_Task requirements_
Retype the records below exactly as they appear, but leave out any pictures.

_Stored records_

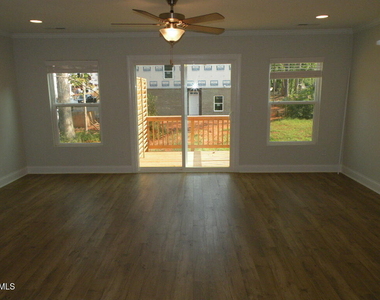 328 Page Square Drive - Photo Thumbnail 4
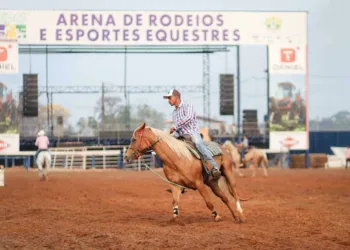 prova dos 3 tambores cavalos expoacre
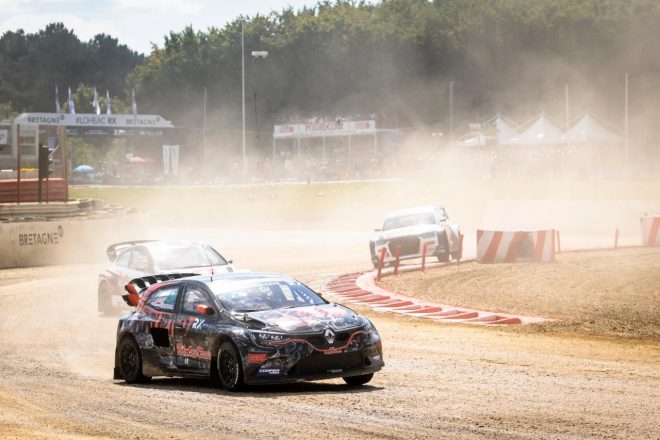 好調ケビン・アブリング（ルノー・メガーヌR.S.RXスーパーカー／UNKORRUPTED）は初日3番手の勢いそのままに、ファイナル進出も決めた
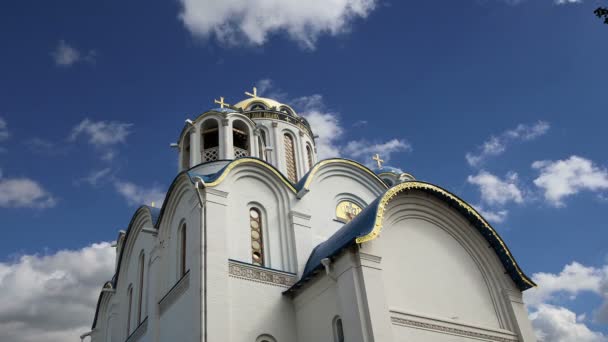 Kerk van de bescherming van de moeder van God in Yasenevo, Moskou, Rusland. De tempel werd opgericht in het jaar 2009 en begroot op kosten van donaties — Stockvideo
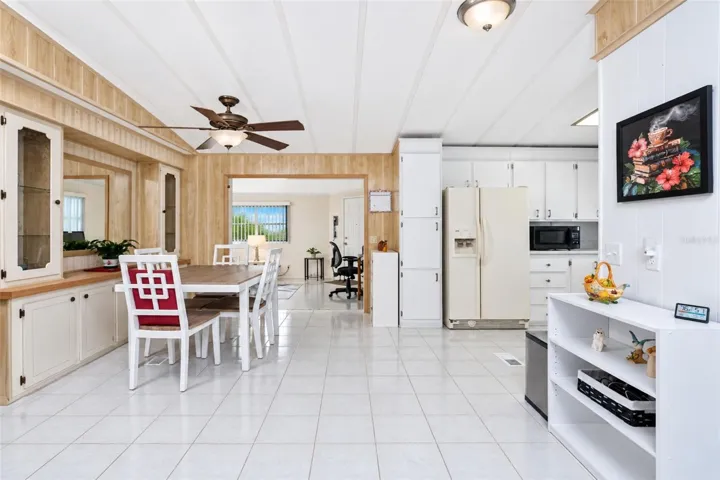 With over 1200 square feet of air conditioned space, you'll be quite comfortable!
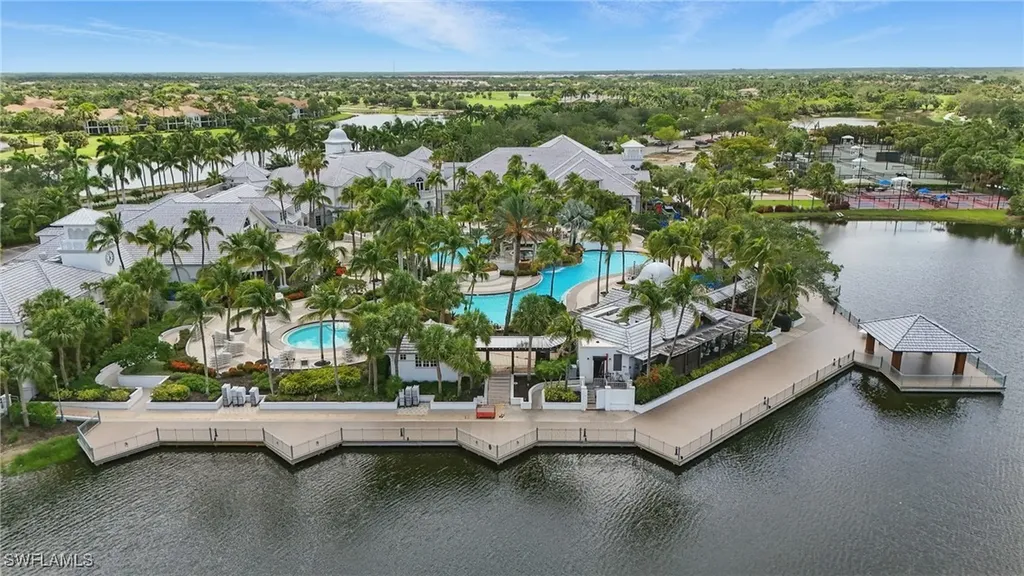 3022 Aviamar Circle Naples FL 34114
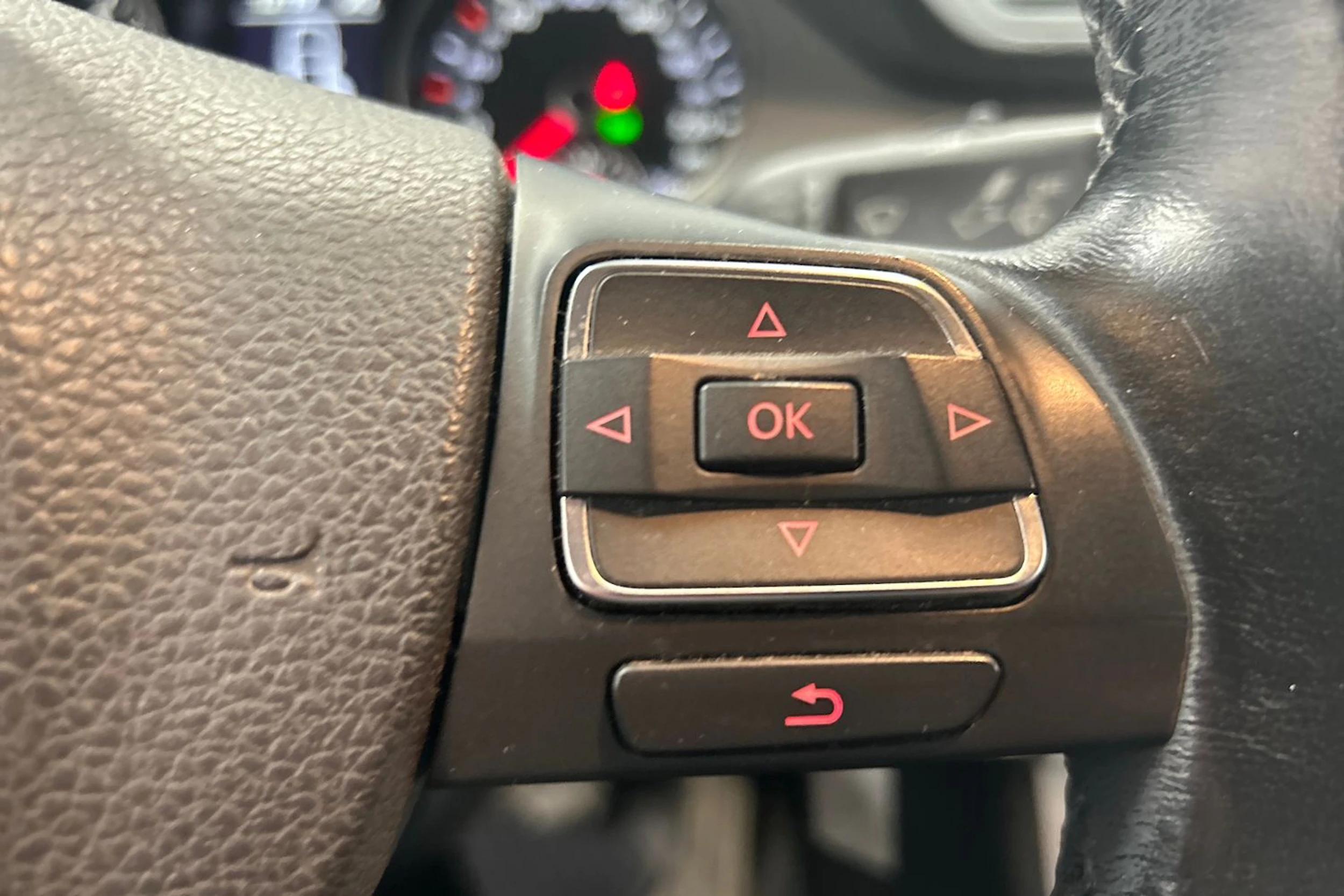 musta Volkswagen Passat 2009 kuva 19.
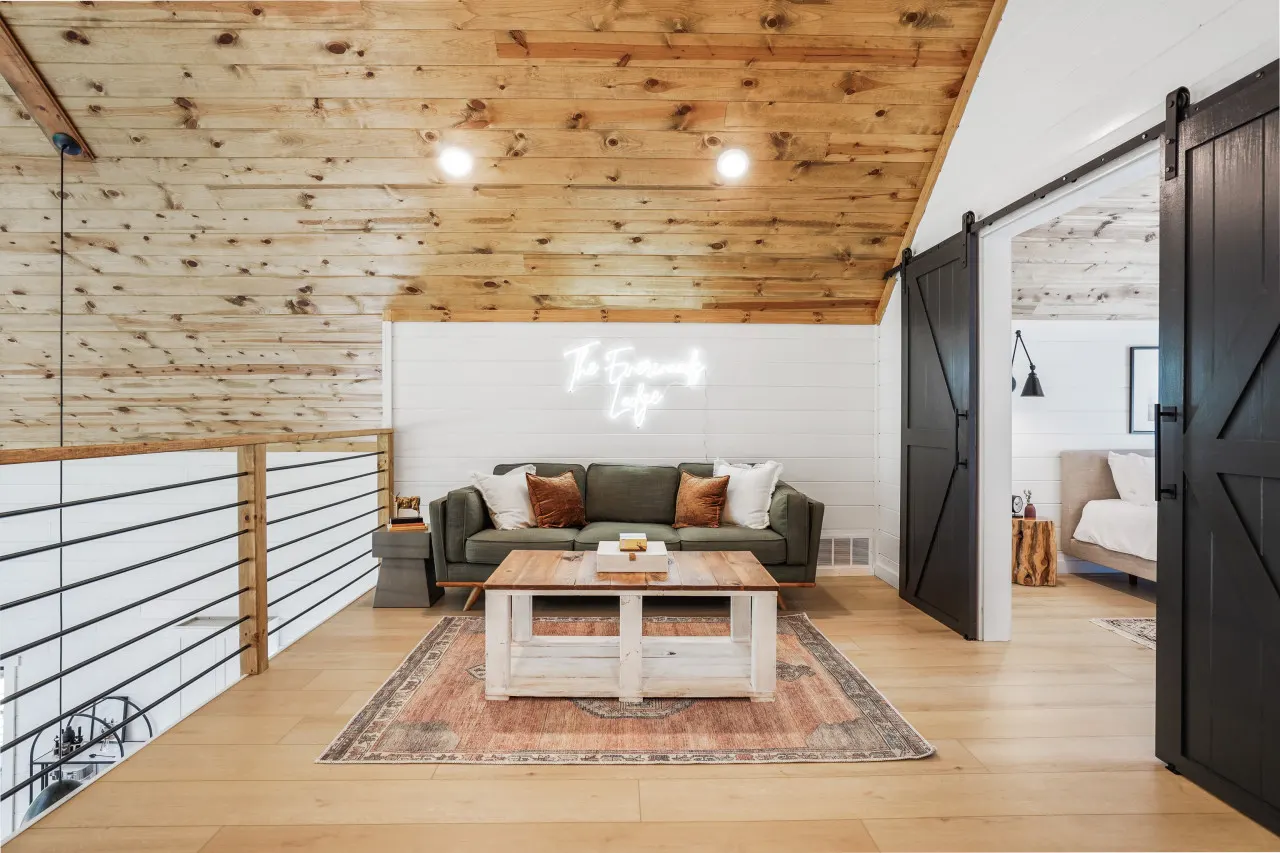 The Everwoods Lodge: Mountain-Modern Cabin in the Hocking Hills 17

_Expected answer_
 328 Page Square Drive - Photo Thumbnail 4
 prova dos 3 tambores cavalos expoacre
 好調ケビン・アブリング（ルノー・メガーヌR.S.RXスーパーカー／UNKORRUPTED）は初日3番手の勢いそのままに、ファイナル進出も決めた
 Kerk van de bescherming van de moeder van God in Yasenevo, Moskou, Rusland. De tempel werd opgericht in het jaar 2009 en begroot op kosten van donaties — Stockvideo
 With over 1200 square feet of air conditioned space, you'll be quite comfortable!
 3022 Aviamar Circle Naples FL 34114
 musta Volkswagen Passat 2009 kuva 19.
 The Everwoods Lodge: Mountain-Modern Cabin in the Hocking Hills 17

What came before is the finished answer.